A feature request came through on my team while I was pulled into another project. The ask was simple - expand notifications so everyone on a team got them, not just people who had directly interacted with the item. Nobody flagged that some of these teams had hundreds of people, each dealing with hundreds of items a day. The feature got built, went live, and notifications jumped from a few hundred per day to nearly 100,000.

I've been thinking about this kind of thing lately - what it takes to be the person who speaks up. I wrote recently about learning to say no and about what happens when a team loses the person who used to fill that role. Both of those are about a particular kind of confidence: being willing to add friction. To be the person who says "I don't think that's right" or "we've tried this before and it didn't work."

But there's another kind of confidence that I think is just as important, and it looks almost like the opposite. It's the confidence to say "I don't know."

I've been in plenty of meetings where someone is explaining an approach and the heads around the room are all nodding.

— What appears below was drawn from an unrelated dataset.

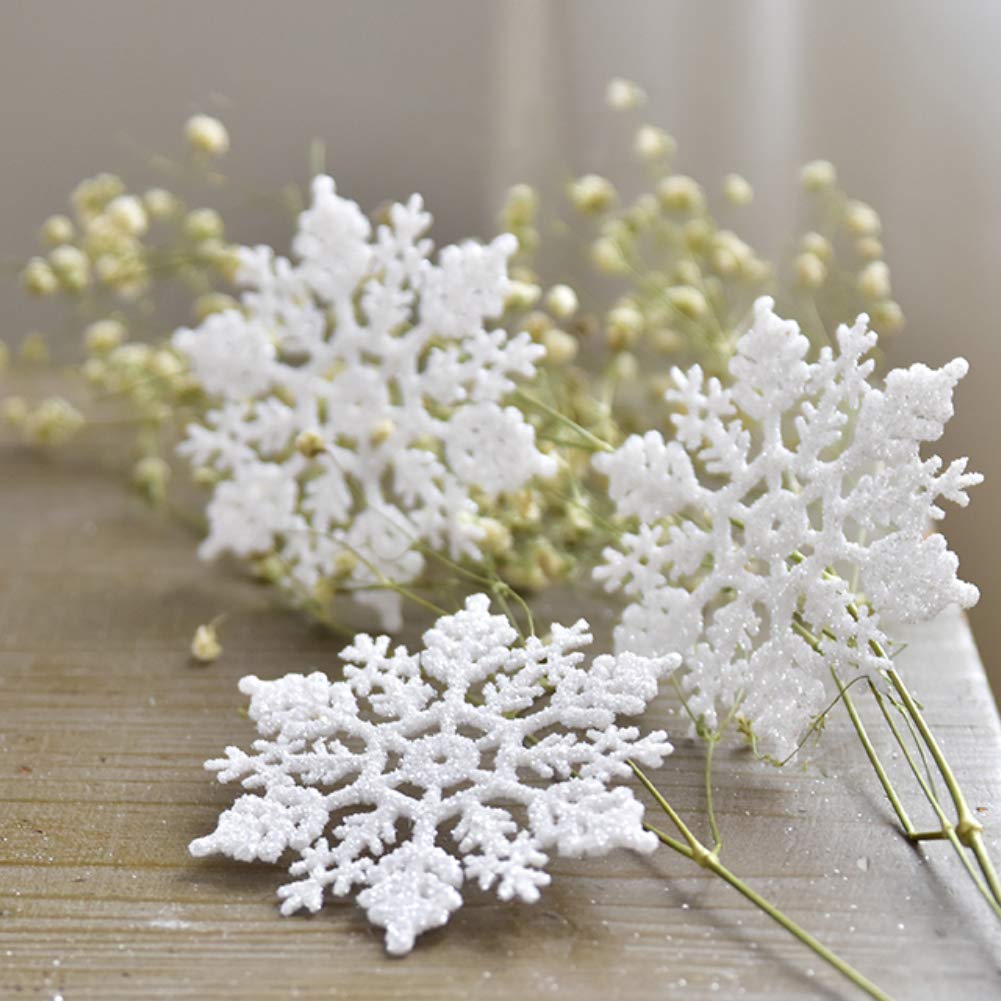VGOODALL 40 Plastic Glitter Snowflake, Christmas Glitter Snowflake Shape Hanging Ornament Christmas Tree Window Decoration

And I'm sitting there not entirely sure what they're proposing. The instinct is to stay quiet. Everyone else seems to get it, so it must be me. But I've learned that some of those nodding heads are thinking exactly the same thing. When I've said "I'm not clear on what you're proposing - could you help me understand?" I've had people come up to me afterward and say they were glad I asked.

People worry about looking like they don't know things. And I get it - it feels riskier when you're newer or quieter in a group. But in my experience, the risk is usually smaller than it feels. If you're someone who's active and engaged on most topics, admitting you don't follow on a particular one doesn't cost you much. And if you're not yet that person, asking a good question is one of the fastest ways to become one. Either way, it shows you're paying close enough attention to notice when you're lost, rather than nodding along to keep things comfortable.

Both kinds of confidence come from the same place. You have to be willing to be the person who adds friction to a conversation. Saying "I think there's a problem with this approach" and saying "I don't understand what you're proposing" are both moments where you're choosing to slow things down instead of letting them slide. In my experience, people avoid both for the same reason: they don't want to be seen as a problem.

There's a third possibility, too - one where nobody has either kind of confidence because nobody has the full picture. While I was away on the other project, the same team made a change to drive a page's behavior from configuration instead of code. One side effect was that a previously required field became optional, which broke form submissions. The fix was quick: mark the field as required in the configuration. But that configuration was shared with another system, and the change quietly prevented a third party from submitting updates on their end. Nobody caught it for eight days, until the client called in.

That one's harder. It's not that someone knew and stayed quiet, or that someone was confused and didn't ask. It's that the connections between systems weren't visible enough for anyone to realize there was a question to ask. Which is maybe the most practical argument for both kinds of confidence - the more normal it is for people to say "I'm not sure I understand how this connects" or "what else does this touch?", the more likely those invisible links get surfaced before they break something.